§ **AIM OF THE EXERCISE**:
Give back, unaltered, the lines from the one with "Los Números de Oro de LA GACETA" to the end of the material, omitting pictures.

§ **PROVIDED ENTRIES**:
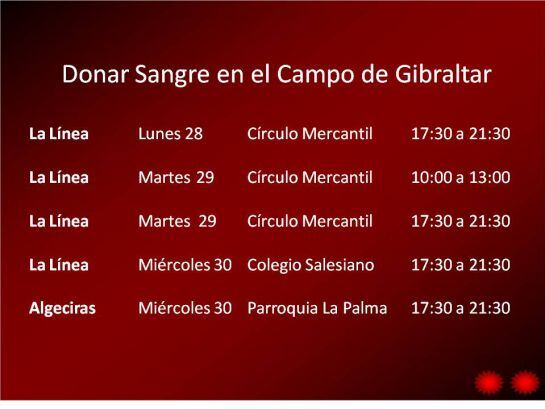 Lugar y hora para donar sangre esta semana en La Línea y Algeciras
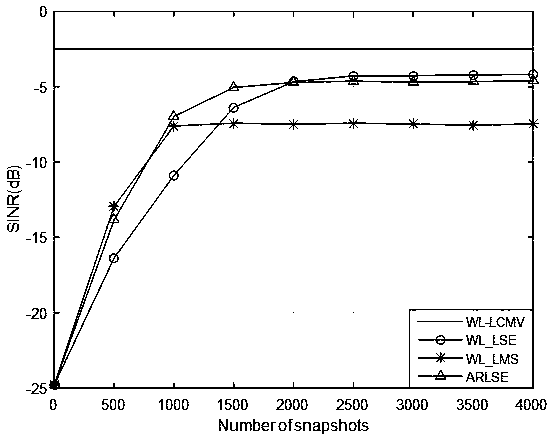 Gaussian entropy criterion-based self-adaptive reduced-rank beamforming method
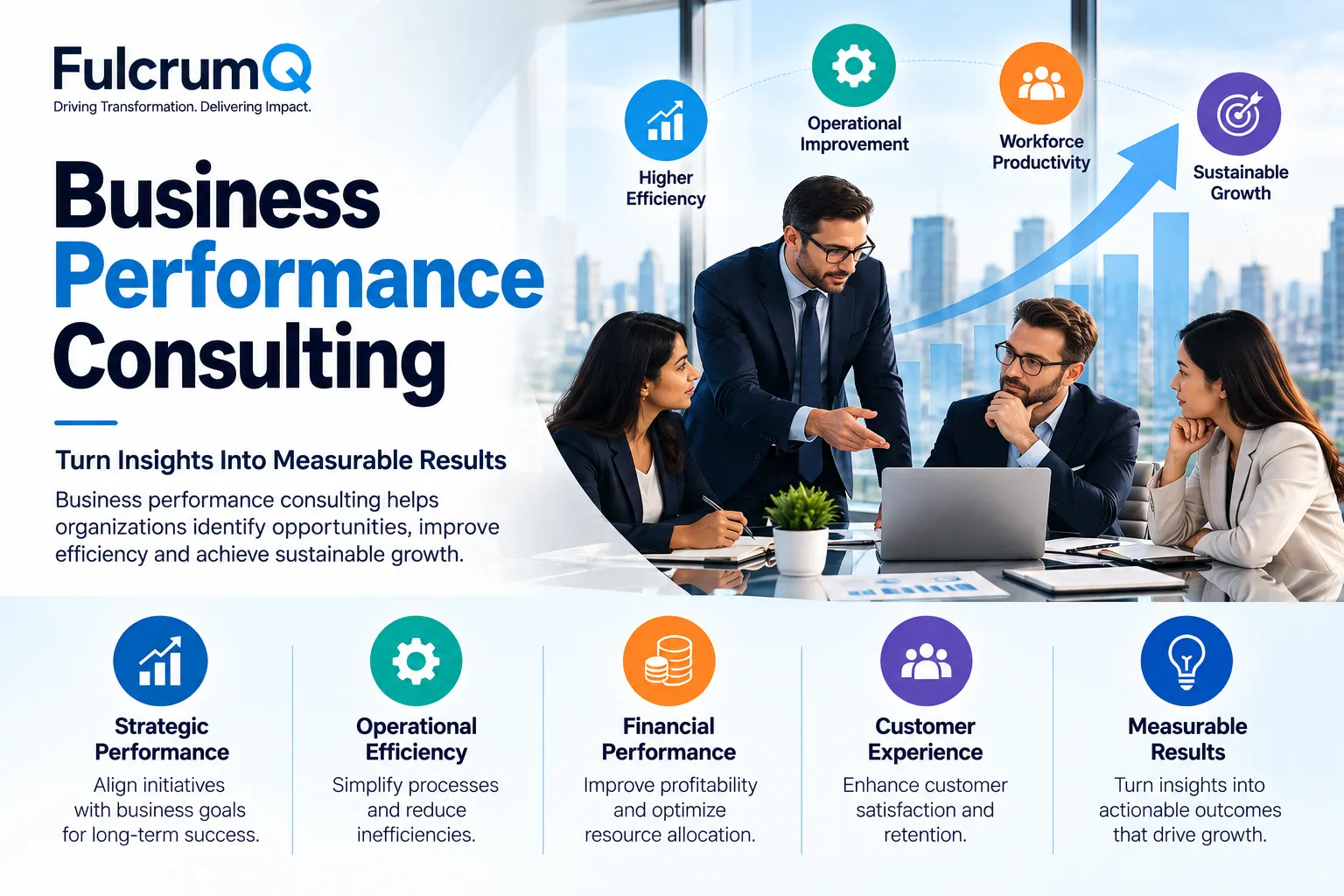 Business Performance Consulting: Improving Efficiency and Organizational Results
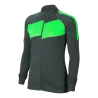 Anthracite/Vert strike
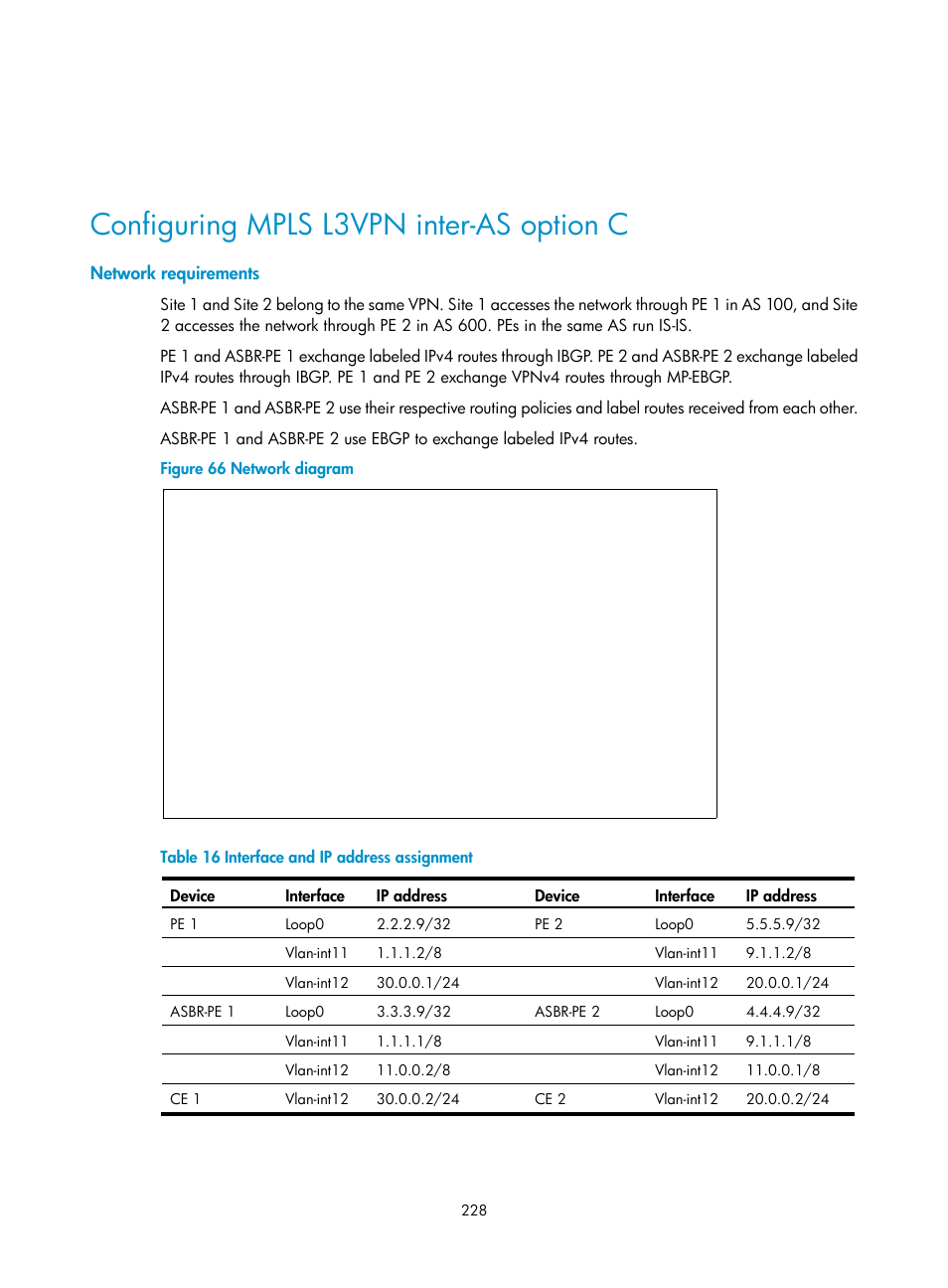 Configuring mpls l3vpn inter-as option c, Network requirements | H3C Technologies H3C S6800 Series Switches User Manual | Page 241 / 526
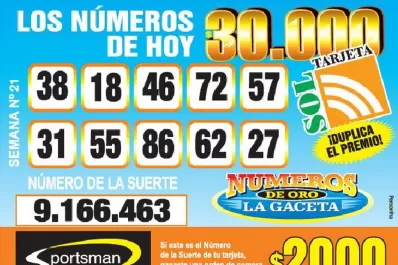 Los Números de Oro de LA GACETA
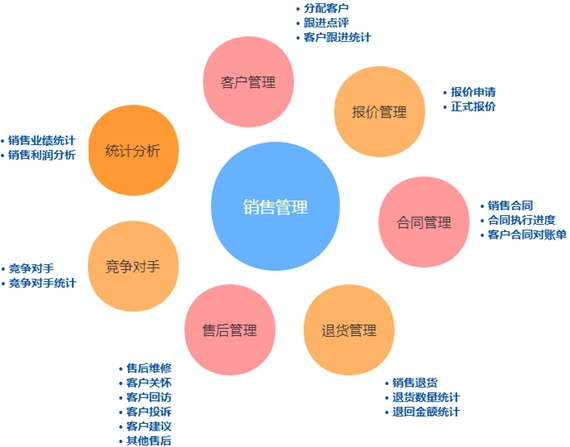 厚街鎮(zhèn)銷售管理系統(tǒng)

§ **OUTPUT FOR THIS EXERCISE**:
 Los Números de Oro de LA GACETA
 厚街鎮(zhèn)銷售管理系統(tǒng)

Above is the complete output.